Franchement, je ne voudrais pas passer pour un conseiller. Mais, en tant qu'ami du peuple tunisien, je me permets seulement de lui dire que c'est lui, aujourd'hui, plus que jamais, qui tient son sort dans ses propres mains. C'est pour cela que je n'ai pas compris la grande abstention des jeunes lors des premières élections libres en 2011 et 2014. Cela dit, les Tunisiennes et les Tunisiens doivent choisir eux-mêmes leur chemin vers une démocratie authentique, sans conseil de l'étranger.

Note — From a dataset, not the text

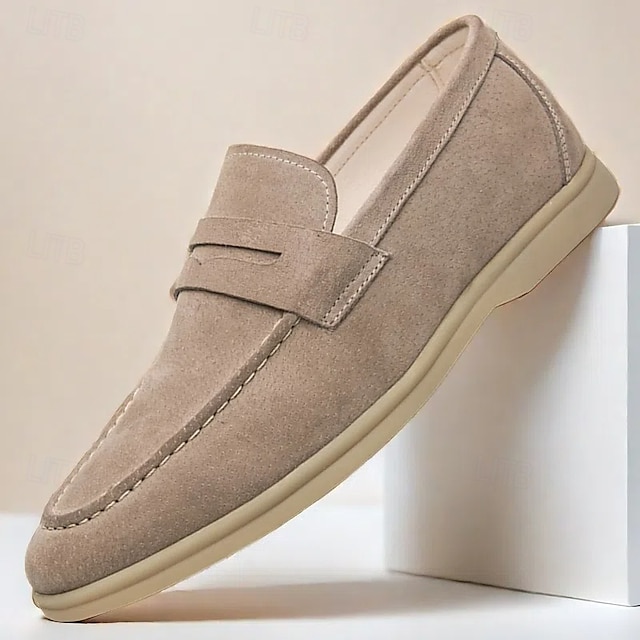 Men's Casual Beige Suede Loafers – Comfortable Slip-On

Si vous permettez, je voudrais terminer par une remarque inspirée par l'expérience de l'Allemagne : comme dans d'autres démocraties du Nord ou de l'Ouest, surtout dans des situations de grande concentration des pouvoirs, le système de «checks and balances» et du contrôle du pouvoir est important, l'opposition est partie intégrante de notre démocratie et, dans des temps difficiles et pour lancer des grands programmes, une grande majorité gouvernementale est très utile et parfois salutaire.
À l'heure actuelle, il y a une grande coalition en Allemagne. Pour le bien d'un pays et de son peuple, en cas de nécessité, les adversaires politiques peuvent et doivent s'embrasser, mêmes sans amour, ou, en tout cas, collaborer pour le bien de tous.
Je n'ai jamais perdu mon optimisme quant au bon déroulement d'une révolution pacifique dans votre pays, à l'établissement d'une démocratie en Tunisie et à un meilleur avenir politique, économique et social pour le peuple tunisien.
En continuant sur le chemin qu'elle s'est tracée, la Tunisie réussira, grâce surtout à la collaboration de toutes ses forces démocratiques. L'Allemagne, l'Europe et d'autres pays la soutiendraient si elle le demande et dans la mesure possible !
Quel bonheur de voir s'installer prochainement le premier parlement tunisien librement élu et marquer la naissance de la première démocratie arabe. La Tunisie tient son avenir dans sa main.